The past weeks have seen an eruption of speculation about iPhone sales. The furor was sparked by reports from the Wall Street Journal and Nikkei citing unnamed sources who said that Apple had cut orders for iPhone 5 screens, possibly by as much as “half.” As a result, Apple detractors have begun their end-zone dancing prematurely (15-yard penalty), while Apple supporters have said, “Seriously with this?”
I’m obviously in the latter camp, but ultimately I think these groups are—to borrow a phrase from Steve Jobs, who borrowed it from Wayne Gretzky, who may have stolen it from a Zamboni driver—arguing over where the puck has been, not where it’s going.
While I’m somewhat interested in how many iPhones Apple sold in its first fiscal quarter and how many it expects to sell in its second, I’m more concerned about something else: what Apple’s next growth engine will be.
Sure, current sales figures matter. But if you’re an investor, you want to know what the company’s going to do, not what it has already done. Which makes deciding whether to invest in Apple something of an act of faith. Do you think that Apple’s current management doesn’t have what it takes to keep innovating?
Well, do you?
Punk?
The stasis quo
Apple’s detractors act as though the company’s product lineup will never change. That what you see being produced by Apple is the sum total of Apple’s innovation. That nothing the company can come up with will remake another market. That innovation at Apple died with Steve Jobs. It might sound like I’m setting up a straw man to toss on the bonfire, but you don’t have to go far to see that these attitudes aren’t just real—they’re pervasive.
I’ve said this repeatedly, in print, online, in podcasts, and while haranguing youngsters in front of the Gas-N-Sip: There seems to be a persistent myth that Apple churned out groundbreaking products every quarter under Jobs. In reality, it was three years between the iMac and the iPod, another six before the iPhone was released, and then three more prior to the iPad. The fact that Tim Cook’s Apple has not unveiled a new product category since the original iPad is not a colossal fail of epic proportions. In fact, you could argue that the fact that Apple is not rushing something out the door is a sign that it’s operating its business as usual.
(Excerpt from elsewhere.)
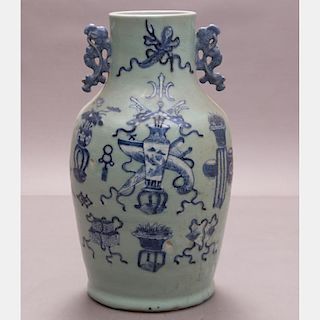 A Chinese Porcelain Vase, 19th/20th Century.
The company is releasing products on its own schedule, not at the whim of pundits or analysts. If you make that argument, someone will likely roll their eyes at you and call you a laughably biased Apple fanboy. But don’t worry about them. They’re the ones who can’t imagine there’s anything over the horizon.
Six years ago I remember hearing the same thing we hear today: All of the value has been sucked out of the markets that Apple currently competes in; competitors are going to take over; and Apple will once again be relegated to its destiny as a niche player. It had a nice run, but that was a fluke, and order will soon be restored to the universe.
In reality, Apple still controls the market for dedicated digital music players, and it ended up replacing its own hit product line (the iPod) with another (the iPhone). You can summarily decide that Apple will never ship another innovative product, but you should know that in doing so you are making the same mistake that people have been making about the company for years.
Innovate, rinse, repeat
Some observers are now suggesting that Apple needs to reinvent the iPhone in order to retain its innovation title. While I would never put it past Cupertino to blow up any of its existing product lines, I don’t think that’s where the real action is. We’ll know better after this quarter’s financial conference call, but unsourced rumors aside, the iPhone certainly seems to be selling just fine. Heck, Apple only caught up with demand for the iPhone 5 a month ago.
Meanwhile, there are many other product categories that the company hasn’t even attempted yet. The current speculation revolves around televisions, smart watches, or other wearable computing devices, and home automation. Knowing Apple, maybe it’ll be television watches that control your home.
“Are you getting it? These are not three separate devices!”
Or it’ll be something else entirely. I will not be so bold as to suggest what Apple should or should not get into next, from the above list or from any other product category. Other than one notable exception, I’m terrible at predicting things. (Yes, six years later, I’m still riding my correct prediction that “the iPhone will have just one button,” thank you very much. Even though, unlike Apple’s successes, mine really was a fluke.)
Before the iPhone came out, skeptics were telling us all the reasons why an iPhone was doomed to failure. Now they’re telling us why an Apple television or an Apple watch is doomed to failure. I have learned over the years that you disregard Apple’s ability to think around a problem at your peril; you believe rumors about the company at your own risk, as well.
Regardless, don’t worry too much about iPhone 5 sales. Apple’s destiny hinges not on what happened last quarter, but on what it has planned for the future.